*What you will do*. Copy out each line of the material exactly. Pictures do not belong in the copy.

*Material provided*.
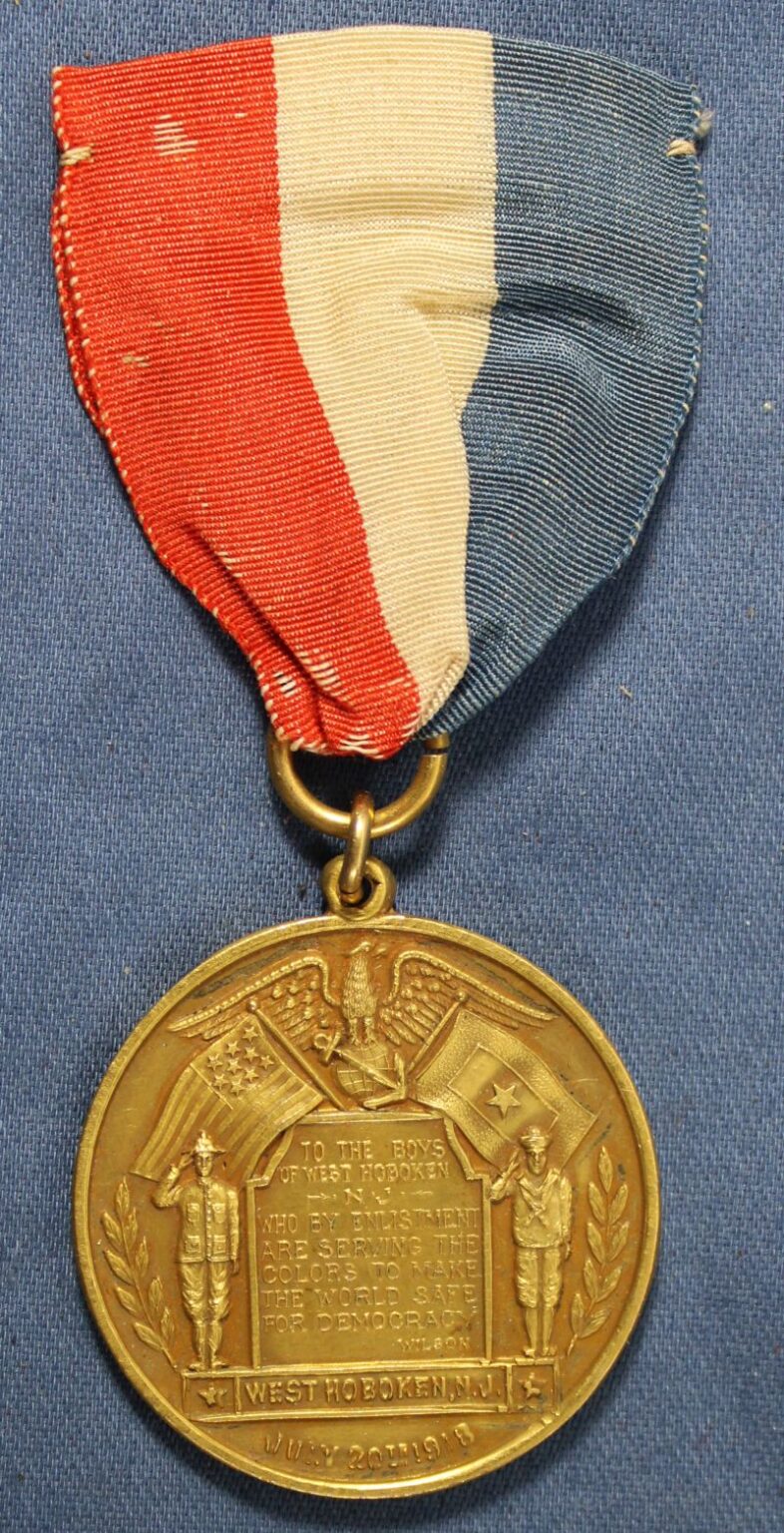 WWI West Hoboken NJ 14K Gold Service Medal – Griffin Militaria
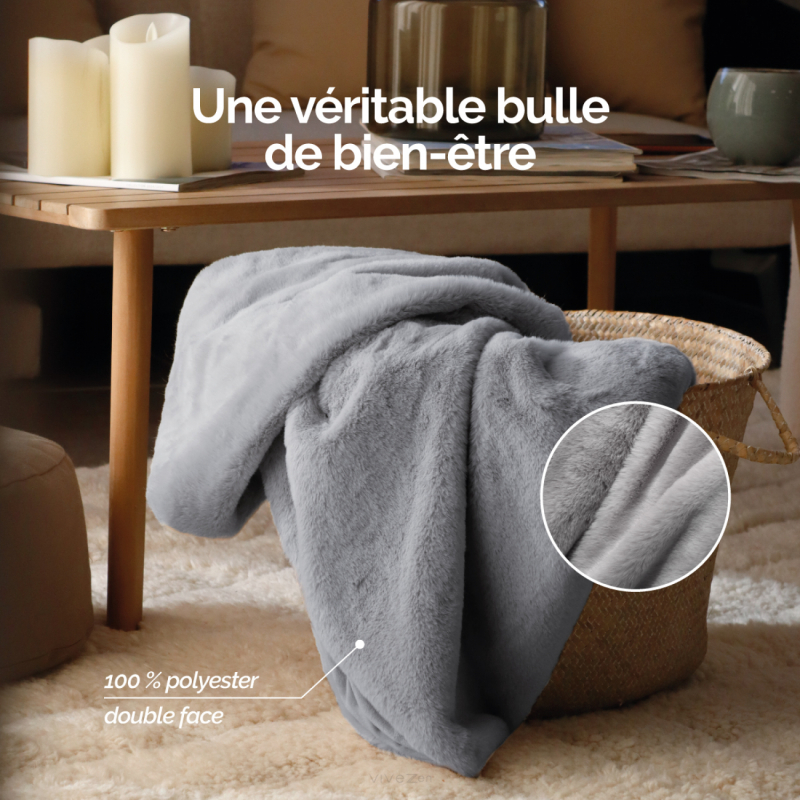 Plaid cosy - 150 x 200 cm - Gris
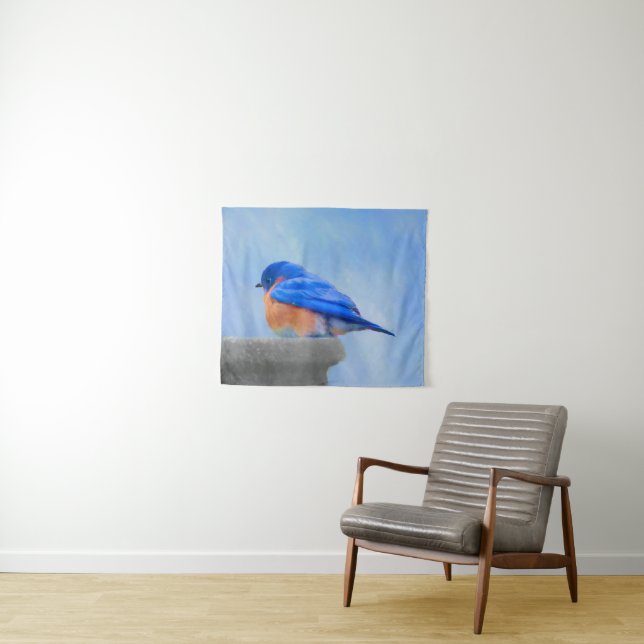 Bluebird-Malerei - Original Bird Art Wandteppich (Beispiel (Horizontal))
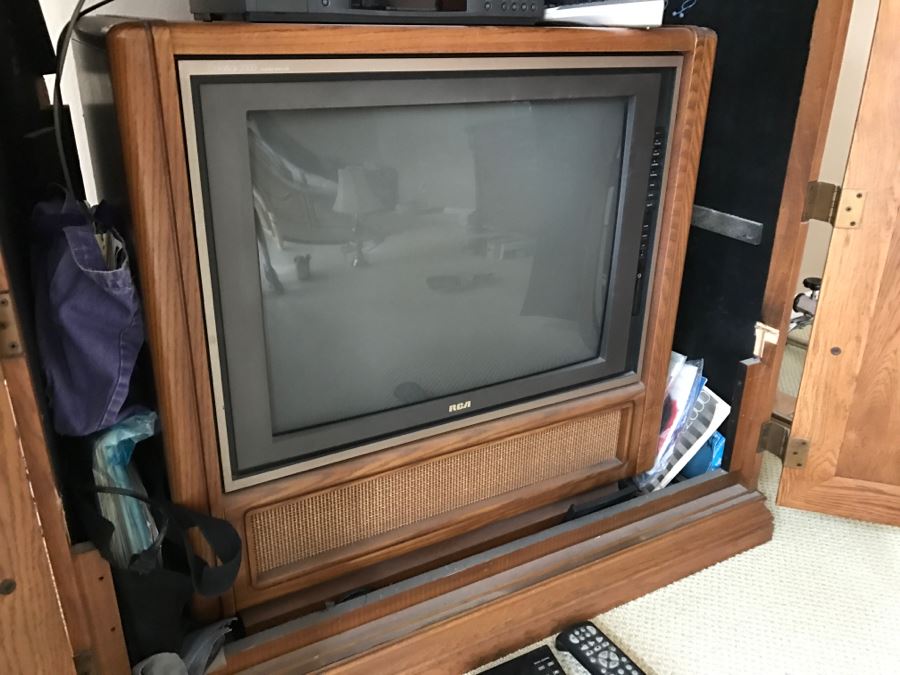 Oak Cabinet With Vintage RCA Tube TV, Pair Of VCRs, Workout VHS Tapes And All Other Goodies Found Within Cabinet [Photo 2]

*Task solution*.
 WWI West Hoboken NJ 14K Gold Service Medal – Griffin Militaria
 Plaid cosy - 150 x 200 cm - Gris
 Bluebird-Malerei - Original Bird Art Wandteppich (Beispiel (Horizontal))
 Oak Cabinet With Vintage RCA Tube TV, Pair Of VCRs, Workout VHS Tapes And All Other Goodies Found Within Cabinet [Photo 2]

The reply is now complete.